This is the first edition of Jean Lipman's foundational survey of American folk sculpture, published by Pantheon Books in 1948.
The work is widely regarded as the first comprehensive scholarly treatment of American folk art in three dimensions, covering wood carving, metal casting, and stone cutting.
Lipman draws on material created largely by anonymous craftsmen - shipwrights, blacksmiths, stonecutters, cabinetmakers, sailors, farmers, and itinerant artisans - presenting folk art as an authentic visual language rooted in everyday American experience.
Illustrated throughout with 183 plates, the book includes four color plates that appear to be individually laid in by hand, a production feature typical of higher-quality Pantheon art books of the late 1940s.

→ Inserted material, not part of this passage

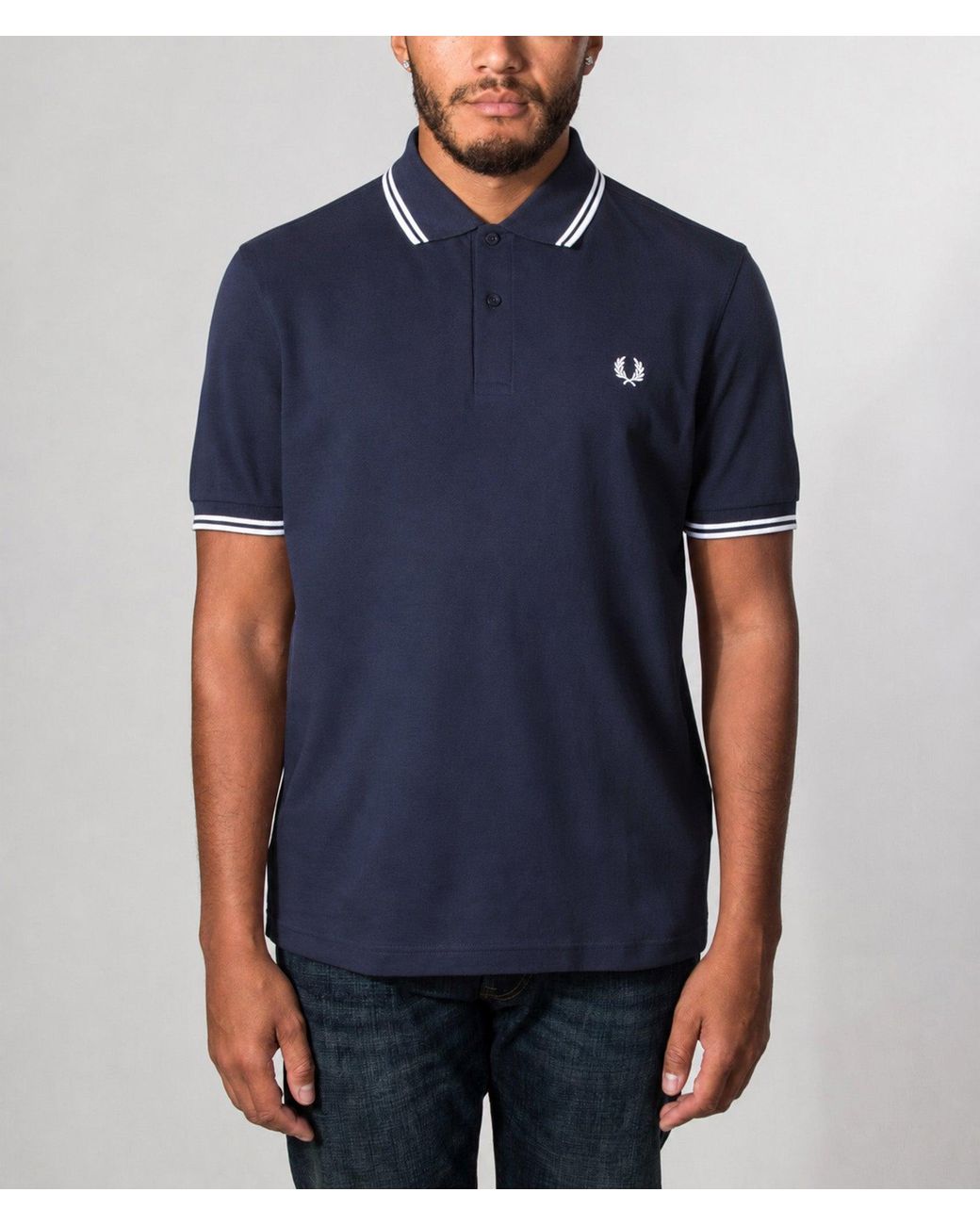 Fred Perry Blue Twin Tipped Polo Shirt for men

Subjects range from ship figureheads and weather vanes to cigar-store figures, carousel carvings, decoys, toys, architectural ornaments, and portrait sculpture.
The printing is clear and sharp, and the layout reflects Pantheon's postwar commitment to serious, museum-adjacent art publishing.
Jean Lipman (1909-1998) was a major figure in the legitimization of American folk and vernacular art.
As founding editor of Art in America and an influential curator, writer, and advocate, she helped move folk art from the margins of collecting into museums and academic discourse.
American Folk Art in Wood, Metal and Stone remains a cornerstone reference, frequently cited in later scholarship and still valued by collectors, curators, and historians.